EP0118820A2

EP0118820A2 - Steel truss

Info

Publication number: EP0118820A2
Application number: EP84101996A
Authority: EP
Inventors: Arne Hill
Original assignee: Hill Arne
Current assignee: Hill Arne
Priority date: 1983-03-10
Filing date: 1984-02-25
Publication date: 1984-09-19
Also published as: EP0118820A3; DE3471964D1; US4506487A; ATE35010T1; EP0118820B1

Abstract

In a steel truss an upper longitudinal beam (12) and a lower longitudinal beam (13) are interconnected at their respective ends by vertical posts (14; 15) and intermediate their ends by a plurality of obliquely extending struts (16; 17) and ties (18; 19), of which each strut and an associated tie intersect substantially midway between the two beams. Each end post (14; 15) is composed of two parts 14', 14"; 15', 15") of substantially equal lengths, which are interconnectable end to end, and each strut (16; 17) and tie (18, 19) is likewise composed of two parts (16', 16"; 17', 17"; 18', 18"; 19', 19"). These parts of each strut and its associated tie are united in a special, common joint including connection plates welded to the strut parts (16', 16"; 17', 17") and having flat end portions of the tie parts (18', 18"; 19', 19") interposed between them.

Description

The invention relates to a steel truss of the kind defined in the preamble of the accompanying claim 1.
Although both the struts and the ties in such a truss are often simply called diagonals, they differ in function under anticipated normal load conditions in that the struts are the diagonals mainly in compression whereas the ties are the diagonals mainly in tension. Further it should be understood that, although the two generally horizontally extending beams of the truss are commonly parallel, they may form a small acute angle with one another, so that the height of the truss, i.e. the distance between the upper and lower beams, is not necessarily the same along the full length of the truss.
In the erection of certain kinds of buildings, such as hangars and halls, and also in the erection of bridges there is a need for low weight trusses which are capable of spanning considerable horizontal distances and/or of supporting heavy loads.

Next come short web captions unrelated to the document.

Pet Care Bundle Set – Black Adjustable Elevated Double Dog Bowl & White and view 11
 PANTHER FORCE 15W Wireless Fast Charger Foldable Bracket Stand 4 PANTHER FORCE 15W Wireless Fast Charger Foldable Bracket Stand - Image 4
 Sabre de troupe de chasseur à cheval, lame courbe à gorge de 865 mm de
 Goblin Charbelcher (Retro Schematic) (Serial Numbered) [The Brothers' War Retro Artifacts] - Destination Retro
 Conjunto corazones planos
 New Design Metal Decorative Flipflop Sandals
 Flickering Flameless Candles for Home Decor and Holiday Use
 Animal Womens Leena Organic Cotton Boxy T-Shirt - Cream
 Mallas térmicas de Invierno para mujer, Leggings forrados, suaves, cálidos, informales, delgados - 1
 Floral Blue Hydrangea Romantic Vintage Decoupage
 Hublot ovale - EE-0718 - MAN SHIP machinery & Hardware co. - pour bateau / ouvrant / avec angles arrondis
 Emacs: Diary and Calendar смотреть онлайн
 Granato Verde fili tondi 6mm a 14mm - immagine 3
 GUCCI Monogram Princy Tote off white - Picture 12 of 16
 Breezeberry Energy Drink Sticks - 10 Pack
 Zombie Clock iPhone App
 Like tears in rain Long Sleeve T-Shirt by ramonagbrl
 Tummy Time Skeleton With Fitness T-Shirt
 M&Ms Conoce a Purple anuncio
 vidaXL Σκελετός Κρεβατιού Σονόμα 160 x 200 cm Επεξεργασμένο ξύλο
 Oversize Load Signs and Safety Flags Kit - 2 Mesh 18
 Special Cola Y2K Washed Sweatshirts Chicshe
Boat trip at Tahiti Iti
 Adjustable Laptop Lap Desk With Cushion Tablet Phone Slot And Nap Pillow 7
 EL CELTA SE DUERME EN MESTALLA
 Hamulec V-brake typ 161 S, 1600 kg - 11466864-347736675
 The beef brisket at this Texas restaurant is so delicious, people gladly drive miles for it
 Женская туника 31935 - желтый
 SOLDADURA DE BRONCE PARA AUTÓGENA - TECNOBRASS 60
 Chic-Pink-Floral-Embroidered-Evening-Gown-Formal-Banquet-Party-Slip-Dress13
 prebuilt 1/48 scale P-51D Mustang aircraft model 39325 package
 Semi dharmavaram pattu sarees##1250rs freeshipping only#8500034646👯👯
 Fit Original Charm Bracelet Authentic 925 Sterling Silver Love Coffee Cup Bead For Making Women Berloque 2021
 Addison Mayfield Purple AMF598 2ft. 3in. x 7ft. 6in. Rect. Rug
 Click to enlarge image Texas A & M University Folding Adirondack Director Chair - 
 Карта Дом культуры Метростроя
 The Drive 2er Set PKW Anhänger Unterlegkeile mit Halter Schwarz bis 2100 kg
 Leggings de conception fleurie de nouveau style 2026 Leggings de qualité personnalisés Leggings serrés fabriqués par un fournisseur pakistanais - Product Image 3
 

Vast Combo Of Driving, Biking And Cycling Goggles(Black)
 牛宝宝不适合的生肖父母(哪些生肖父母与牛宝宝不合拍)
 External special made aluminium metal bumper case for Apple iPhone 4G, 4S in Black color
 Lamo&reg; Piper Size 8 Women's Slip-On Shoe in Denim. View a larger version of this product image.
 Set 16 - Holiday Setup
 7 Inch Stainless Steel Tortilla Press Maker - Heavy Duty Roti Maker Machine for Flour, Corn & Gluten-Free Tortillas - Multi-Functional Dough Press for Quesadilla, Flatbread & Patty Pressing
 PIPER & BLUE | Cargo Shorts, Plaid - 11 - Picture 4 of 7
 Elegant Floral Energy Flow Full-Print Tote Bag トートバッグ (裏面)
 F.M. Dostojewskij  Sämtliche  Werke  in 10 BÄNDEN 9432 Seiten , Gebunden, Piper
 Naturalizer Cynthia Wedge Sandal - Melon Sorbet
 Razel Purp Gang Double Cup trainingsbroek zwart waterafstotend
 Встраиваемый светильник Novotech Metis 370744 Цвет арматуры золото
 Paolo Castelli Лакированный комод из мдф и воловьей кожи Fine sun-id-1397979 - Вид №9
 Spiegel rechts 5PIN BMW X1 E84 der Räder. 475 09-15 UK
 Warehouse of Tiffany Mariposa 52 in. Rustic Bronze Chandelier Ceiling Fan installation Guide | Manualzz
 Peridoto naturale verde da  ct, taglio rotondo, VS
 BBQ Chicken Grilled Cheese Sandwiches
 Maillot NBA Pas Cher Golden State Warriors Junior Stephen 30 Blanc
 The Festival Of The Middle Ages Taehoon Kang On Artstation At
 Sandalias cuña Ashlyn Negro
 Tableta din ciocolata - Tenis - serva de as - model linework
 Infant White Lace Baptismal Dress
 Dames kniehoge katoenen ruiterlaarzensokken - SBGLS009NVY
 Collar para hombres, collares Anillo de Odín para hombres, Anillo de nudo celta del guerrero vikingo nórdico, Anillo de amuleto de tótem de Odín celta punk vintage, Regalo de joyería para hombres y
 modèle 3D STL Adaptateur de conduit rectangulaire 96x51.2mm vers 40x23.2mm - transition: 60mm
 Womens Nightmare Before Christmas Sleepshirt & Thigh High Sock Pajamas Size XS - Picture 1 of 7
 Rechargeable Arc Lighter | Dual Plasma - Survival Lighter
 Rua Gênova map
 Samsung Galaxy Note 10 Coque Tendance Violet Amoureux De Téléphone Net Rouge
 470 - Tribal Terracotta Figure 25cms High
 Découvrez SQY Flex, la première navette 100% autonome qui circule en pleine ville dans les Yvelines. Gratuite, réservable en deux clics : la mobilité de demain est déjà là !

If skilfully designed to combine maximum strength with minimum weight steel trusses of the kind described above may satisfy these demands in an excellent manner provided that the various members of the truss are also joined together with great care and accuracy. Experience has shown that the most economic and safe way to assure this is to complete as much as ever possible of the assembly work in a factory or workshop. However, the complete truss must frequently have such considerable dimensions, say a length exceeding about 25 meters and/or a height exceeding about 4 meters, that its transportation from the factory to the building site as a single unit constitutes a severe problem. In such cases it must be prefabricated in as large sections as are possible to conveniently transport and handle, and a few additional assembling steps must be left to be carried out at the building site.
As already recognized it is old per se to compose steel trusses from prefabricated sections, but the various manners in which those sections have so far been interconnected do not satisfy rigorous demands for optimum strength and efficiency in combination with a maximum saving of material and work. In other words, the joints hitherto used are of such design that they actually represent weak points in the completed truss and make it necessary to over-dimension the diagonals.
It is an aim of this invention to provide an improved steel truss of the kind referred to in the introductory paragraph, in which maximum strength may be achieved with minimum weight as well as with minimum manufacturing costs and erecting work, and in which the joints between the upper and lower parts of the intersecting struts and ties no longer represent weak points in the completed truss structure.
According to the invention this aim is achieved by following the directions given in the characterizing clause of the accompanying claim 1. Further advantages are achieved by simultaneously applying one or more of the additional directions given in the subsidiary claims which set forth preferred forms of the steel truss defined in claim 1.
Further objects and features of the invention will become apparent from the following description of a preferred embodiment thereof, in which reference is had to the accompanying drawings. In these drawings:

Fig. 1 is a somewhat simplified side view of a steel truss according to the invention,
Fig. 2 is a side view similar to that in Fig. 1 but showing the various sections of the truss in separated or "exploded" positions,
Fig. 3 is an enlarged cross-sectional view taken on line III-III of Fig. 1,
Fig. 4 is an enlargement of the area IV in Fig. 1 showing a welded joint in the upper horizontal truss beam,
Fig. 5 is an enlarged longitudinal section of the truss within the area V in Fig. 1 and showing a welded joint in the lower horizontal truss beam,
Fig. 6 is an enlarged cross-sectional view taken on line VI-VI of Fig. 1,
Fig. 7 is a fragmentary side view on an enlarged scale showing intersecting parts of one of the struts and one of the ties of the truss before being joined together,
Fig. 8 is a fragmentary side view on an enlarged scale showing the completed intersection joint, and
Fig. 9 is a cross-sectional view taken on line IX-IX of Fig. 8.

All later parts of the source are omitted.